Insert, on duplicate update in PostgreSQL?

Questions : Insert, on duplicate update in PostgreSQL?

Several months ago I learned from an answer on Stack Overflow how to perform multiple updates at once in MySQL using the following syntax:

INSERT INTO table (id, field, field2) VALUES (1, A, X), (2, B, Y), (3, C, Z) ON DUPLICATE KEY UPDATE field=VALUES(Col1), field2=VALUES(Col2); 

I’ve now switched over to PostgreSQL and apparently this is not correct. It’s referring to all the correct tables so I assume it’s a matter of different keywords being used but I’m not sure where in the PostgreSQL documentation this is covered.

To clarify, I want to insert several things and if they already exist to update them.

Total Answers: 16 Answers 16


Popular Answers:

  1. PostgreSQL since version 9.5 has UPSERT syntax, with ON CONFLICT clause. with the following syntax (similar to MySQL)

    INSERT INTO the_table (id, column_1, column_2) VALUES (1, 'A', 'X'), (2, 'B', 'Y'), (3, 'C', 'Z') ON CONFLICT (id) DO UPDATE SET column_1 = excluded.column_1, column_2 = excluded.column_2; 

    Searching postgresql’s email group archives for “upsert” leads to finding an example of doing what you possibly want to do, in the manual:

    Example 38-2. Exceptions with UPDATE/INSERT

    This example uses exception handling to perform either UPDATE or INSERT, as appropriate:

    CREATE TABLE db (a INT PRIMARY KEY, b TEXT); CREATE FUNCTION merge_db(key INT, data TEXT) RETURNS VOID AS $$ BEGIN LOOP -- first try to update the key -- note that "a" must be unique UPDATE db SET b = data WHERE a = key; IF found THEN RETURN; END IF; -- not there, so try to insert the key -- if someone else inserts the same key concurrently, -- we could get a unique-key failure BEGIN INSERT INTO db(a,b) VALUES (key, data); RETURN; EXCEPTION WHEN unique_violation THEN -- do nothing, and loop to try the UPDATE again END; END LOOP; END; $$ LANGUAGE plpgsql; SELECT merge_db(1, 'david'); SELECT merge_db(1, 'dennis'); 

    There’s possibly an example of how to do this in bulk, using CTEs in 9.1 and above, in the hackers mailing list:

    WITH foos AS (SELECT (UNNEST(%foo[])).*) updated as (UPDATE foo SET foo.a = foos.a ... RETURNING foo.id) INSERT INTO foo SELECT foos.* FROM foos LEFT JOIN updated USING(id) WHERE updated.id IS NULL; 

    See a_horse_with_no_name’s answer for a clearer example.
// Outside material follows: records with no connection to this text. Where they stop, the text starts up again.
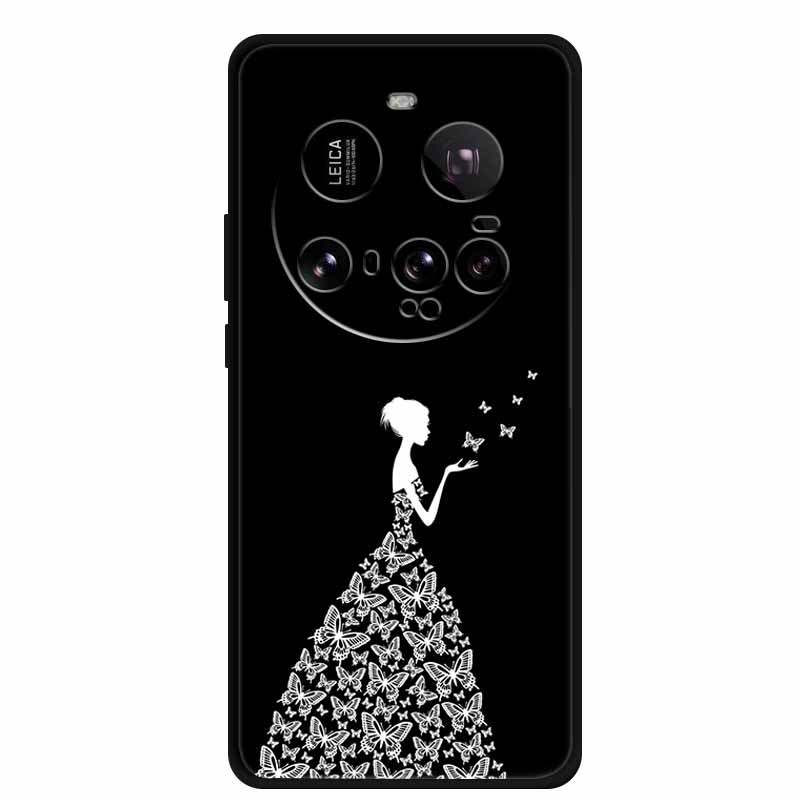 Custodia Per Xiaomi 15 Ultra Custodia 6.73" Coque Antiurto Nero Silicone Morbido Cover Posteriore Per Xiaomi 15 Ultra Custodia Telefono 15Ultra Funda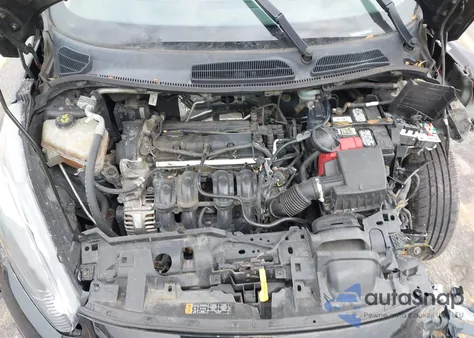 2015 Ford Fiesta Se z USA, uszkodzony, nr VIN 3FADP4EJ4FM179659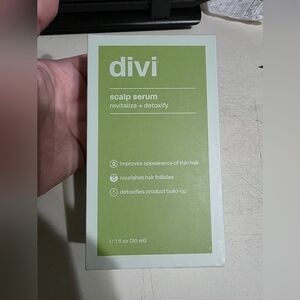 Divi Scalp Serum 1 oz Brand New Sealed Box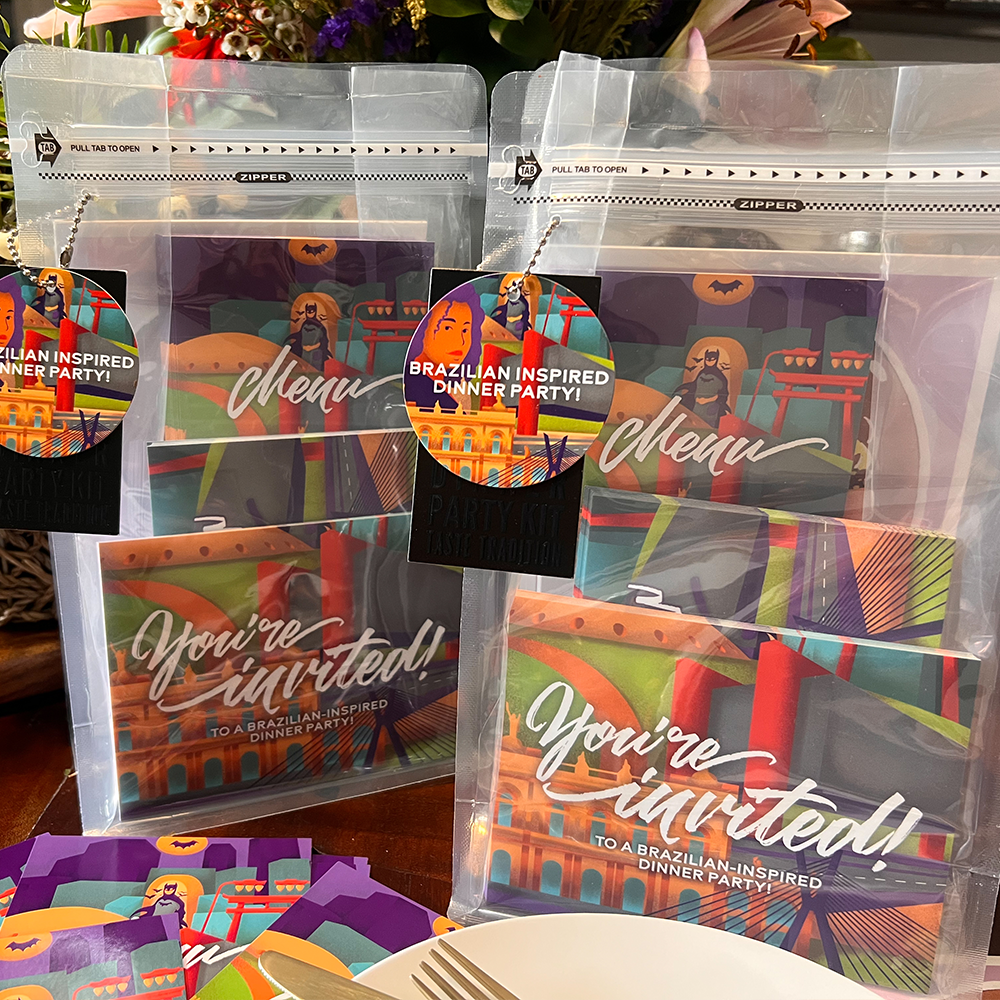 Dinner Party Kits - Brazil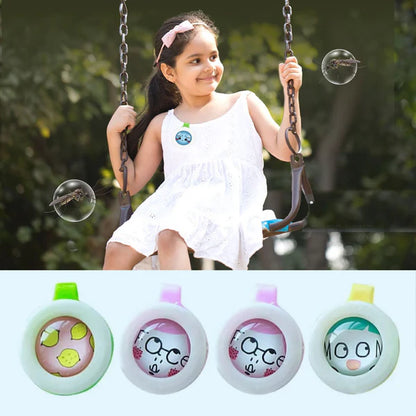 👶 BuzzClip™ – Natural Mosquito Repellent Buckle Button Clip (Pack of 1)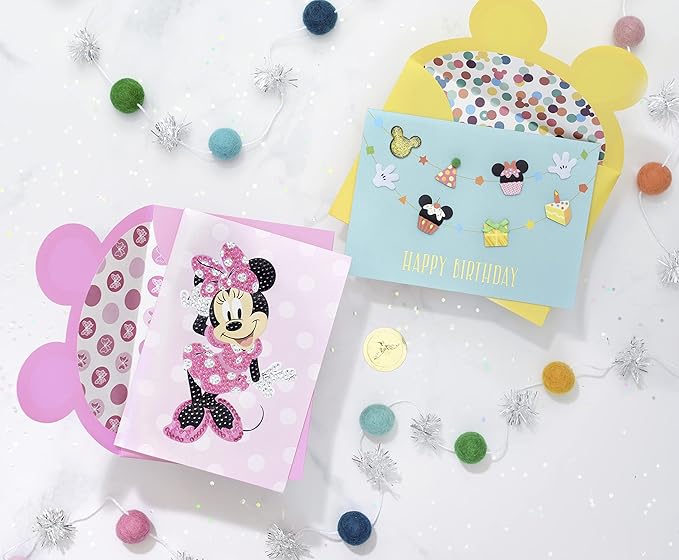 Papyrus Disney Blank Card (Minnie Mouse)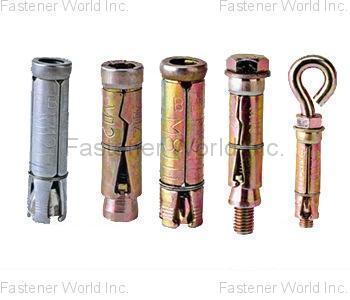 NINGBO ABC FASTENERS CO., LTD.  , Heavy Duty Anchor , Anchors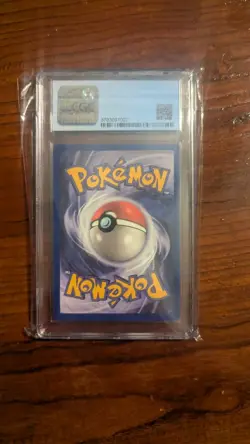 CGC 9 Pikachu 1st Edition Pokemon Card Jungle 60/64 Regular Mint Graded - Image 2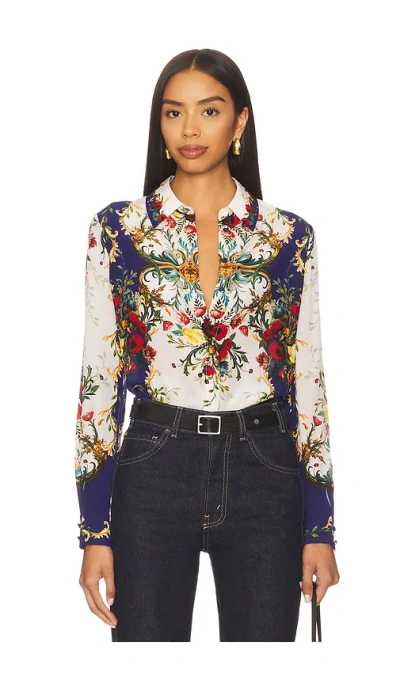 ALICE AND OLIVIA WILLA TOP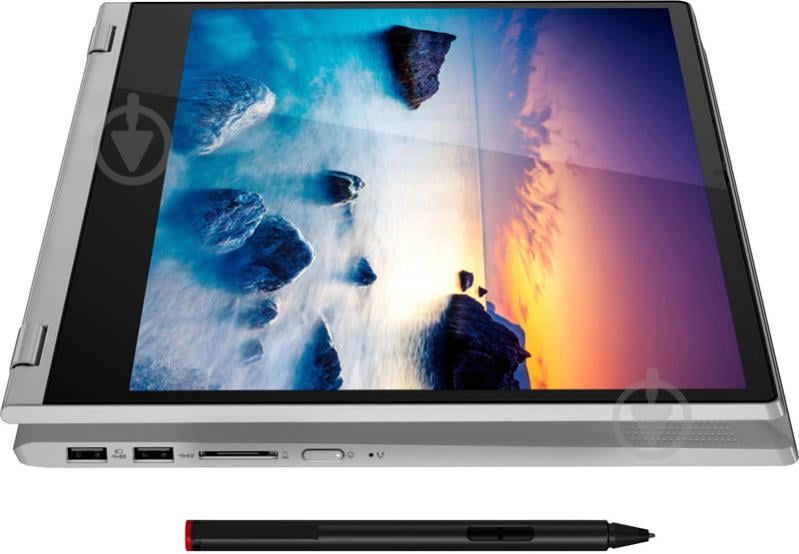 Ноутбук Lenovo IdeaPad C340 15,6" (81N5008VRA) platinum grey - фото 10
  2. With PostgreSQL 9.1 this can be achieved using a writeable CTE (common table expression):

    WITH new_values (id, field1, field2) as ( values (1, 'A', 'X'), (2, 'B', 'Y'), (3, 'C', 'Z') ), upsert as ( update mytable m set field1 = nv.field1, field2 = nv.field2 FROM new_values nv WHERE m.id = nv.id RETURNING m.* ) INSERT INTO mytable (id, field1, field2) SELECT id, field1, field2 FROM new_values WHERE NOT EXISTS (SELECT 1 FROM upsert up WHERE up.id = new_values.id) 
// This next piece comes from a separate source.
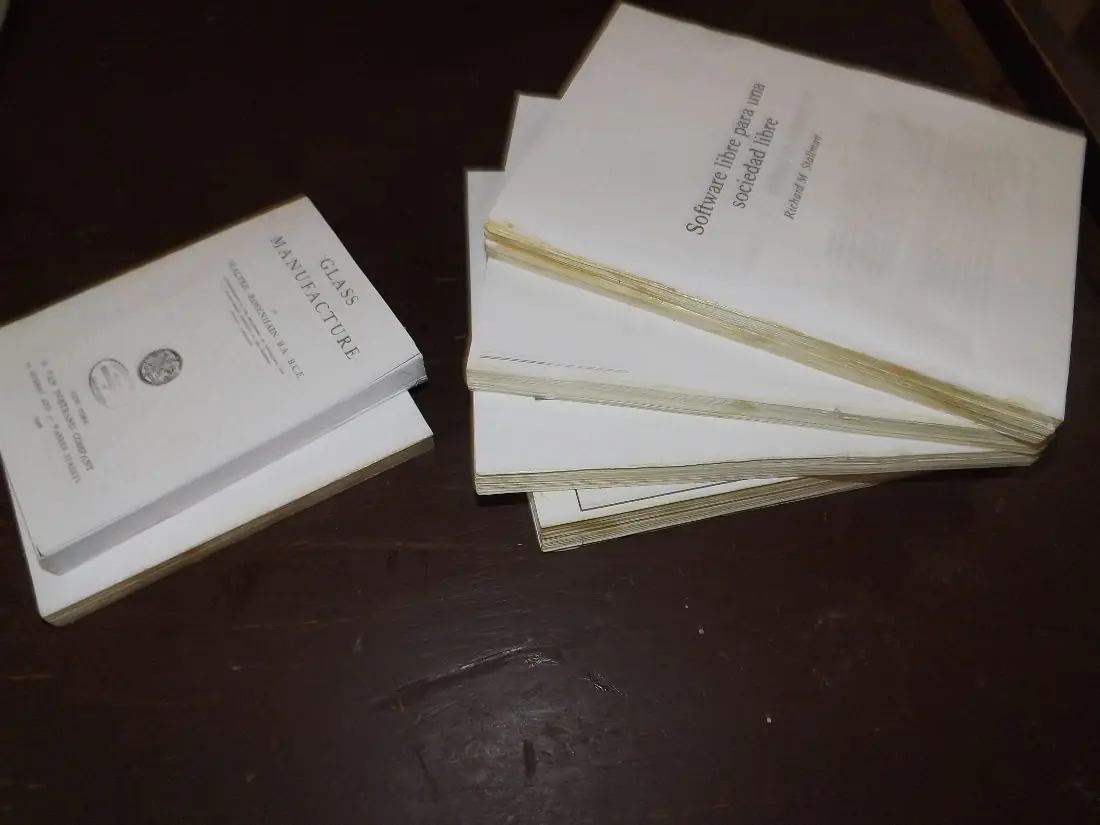 Como imprimir tus propios libros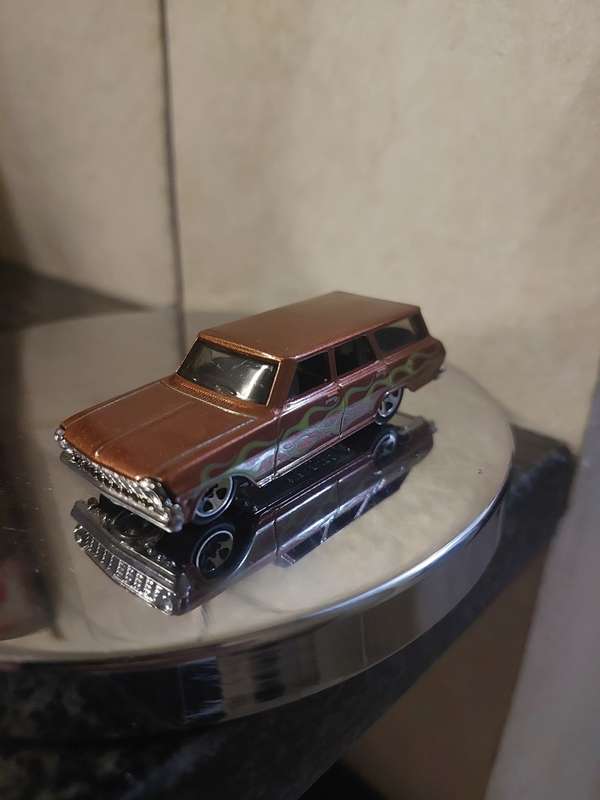 Hot wheels Chevy Nova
    See these blog entries:


    Note that this solution does not prevent a unique key violation but it is not vulnerable to lost updates.
    See the follow up by Craig Ringer on dba.stackexchange.com

  3. I was looking for the same thing when I came here, but the lack of a generic “upsert” function botherd me a bit so I thought you could just pass the update and insert sql as arguments on that function form the manual

    that would look like this:

    CREATE FUNCTION upsert (sql_update TEXT, sql_insert TEXT) RETURNS VOID LANGUAGE plpgsql AS $$ BEGIN LOOP -- first try to update EXECUTE sql_update; -- check if the row is found IF FOUND THEN RETURN; END IF; -- not found so insert the row BEGIN EXECUTE sql_insert; RETURN; EXCEPTION WHEN unique_violation THEN -- do nothing and loop END; END LOOP; END; $$; 

    and perhaps to do what you initially wanted to do, batch “upsert”, you could use Tcl to split the sql_update and loop the individual updates, the preformance hit will be very small see http://archives.postgresql.org/pgsql-performance/2006-04/msg00557.php

    the highest cost is executing the query from your code, on the database side the execution cost is much smaller

  4. There is no simple command to do it.

    The most correct approach is to use function, like the one from docs.

    Another solution (although not that safe) is to do update with returning, check which rows were updates, and insert the rest of them

    Something along the lines of:

    update table set column = x.column from (values (1,'aa'),(2,'bb'),(3,'cc')) as x (id, column) where table.id = x.id returning id; 

    assuming id:2 was returned:

    insert into table (id, column) values (1, 'aa'), (3, 'cc'); 

    Of course it will bail out sooner or later (in concurrent environment), as there is clear race condition in here, but usually it will work.

    Here’s a longer and more comprehensive article on the topic.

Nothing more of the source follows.